(WHAT TO WORK ON): From the records below, print only the part that opens with the line containing "Das Bild des" and closes with the line containing "image of a silver Bengal kitty"; omit the pictures.

(RECORDS):
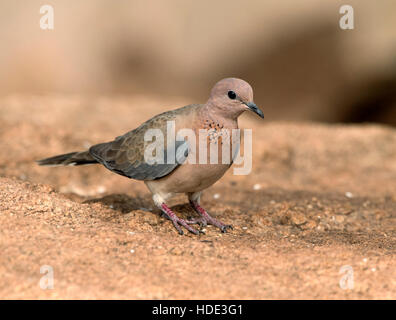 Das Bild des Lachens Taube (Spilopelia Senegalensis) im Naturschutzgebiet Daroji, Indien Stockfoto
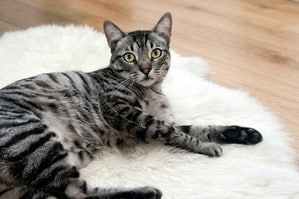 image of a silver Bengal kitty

* * *

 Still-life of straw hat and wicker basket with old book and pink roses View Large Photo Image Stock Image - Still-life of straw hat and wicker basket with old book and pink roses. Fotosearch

(RESPONSE BOX):
 Das Bild des Lachens Taube (Spilopelia Senegalensis) im Naturschutzgebiet Daroji, Indien Stockfoto
 image of a silver Bengal kitty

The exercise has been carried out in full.